I need to finish my series (post 1, post 2, post 3, post 4, post 5, post 6) on the Obama Administration’s efforts to hide what I’ve dubbed the “Gloves Come Off” Memorandum of Notification. As I described, the MON purportedly gave CIA authority to do a whole slew of things, but left it up to the CIA to decide how to implement the programs Bush authorized. And rather than giving the Intelligence Committees written notification of the details of the programs, CIA instead gave just the Gang of Four deceptive briefings on the programs, which not only gave a misleading sense of the programs, but also prevented Congress from being able to limit the programs by refusing to fund the activities.

Yet, as MadDog and I were discussing in the comments to this post, these aspects of the MON set up did not entirely elude the attention of Congressional overseers.
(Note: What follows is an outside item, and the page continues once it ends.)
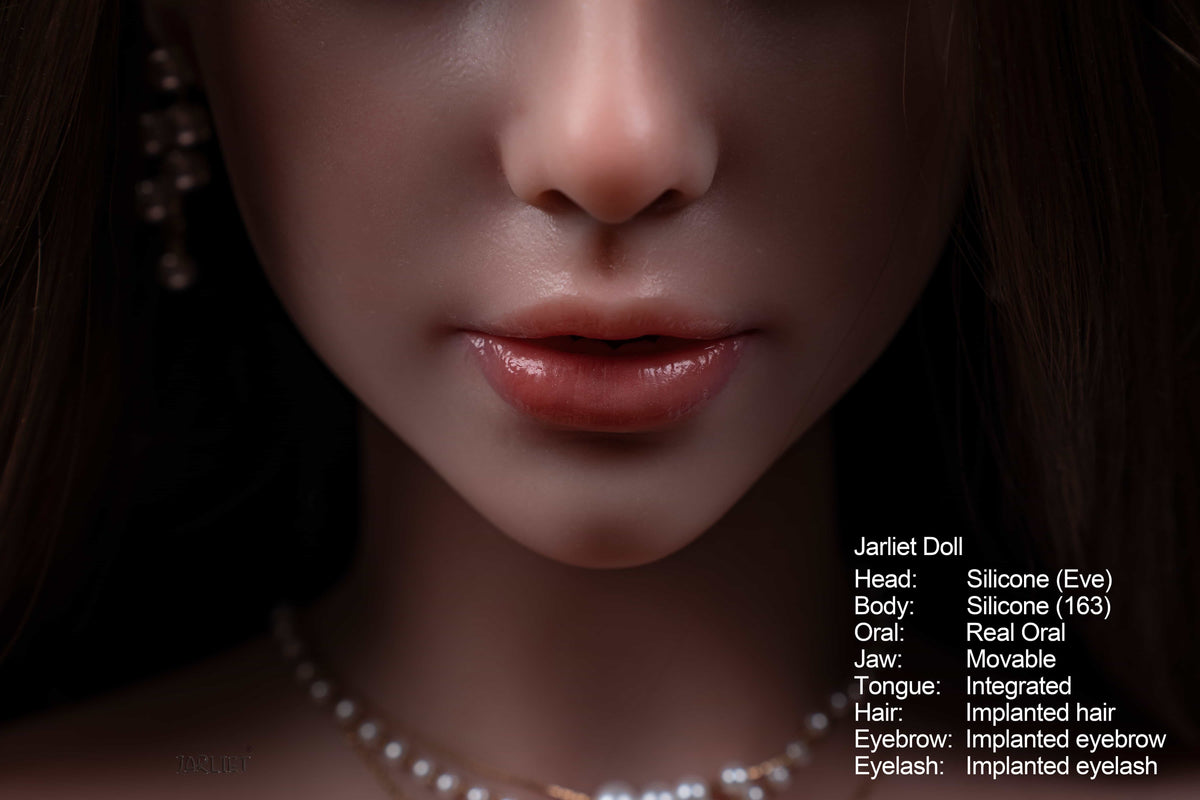 Eve Sex Doll (Jarliet 163 cm D-Cup silikon)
In fact, the very first Democrat to be briefed that torture had been used (remember, Pelosi got briefed it might be used prospectively) asked questions that went to the heart of the problem with the structure of the MON.

The CIA won’t tell Jane Harman whether the President approved torture from a policy standpoint

Jane Harman was first briefed on the torture program, with Porter Goss, on February 5, 2003. We don’t actually know what transpired in that briefing because CIA never finalized a formal record of the briefing. But five days after the briefing, Harman wrote a letter to CIA General Counsel Scott Muller. In addition to using a word for the torture program CIA has redacted and objecting to the destruction of the torture tapes, Harman asked questions that should have elicited a response revealing the Gloves Come Off MON was what authorized the torture program.
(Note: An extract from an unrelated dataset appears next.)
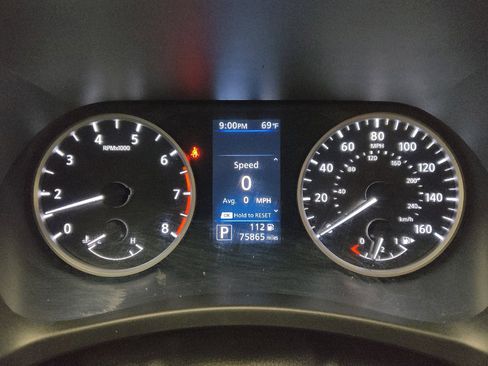 Used 2021 Nissan Sentra S FWD image 23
It is also the case, however, that what was described raises profound policy questions and I am concerned about whether these have been as rigorously examined as the legal questions.  I would like to know what kind of policy review took place and what questions were examined.  In particular, I would like to know whether the most senior levels of the White House have determined that these practices are consistent with the principles and policies of the United States.  Have enhanced techniques been authorized and approved by the President?

The whole point of a MON, after all, was to get the President on the record asserting that the programs authorized by it are “necessary to support identifiable foreign policy objectives of the United States and [are] important to the national security of the United States.” Here, Harman was asking whether the President was part of a policy review on torture.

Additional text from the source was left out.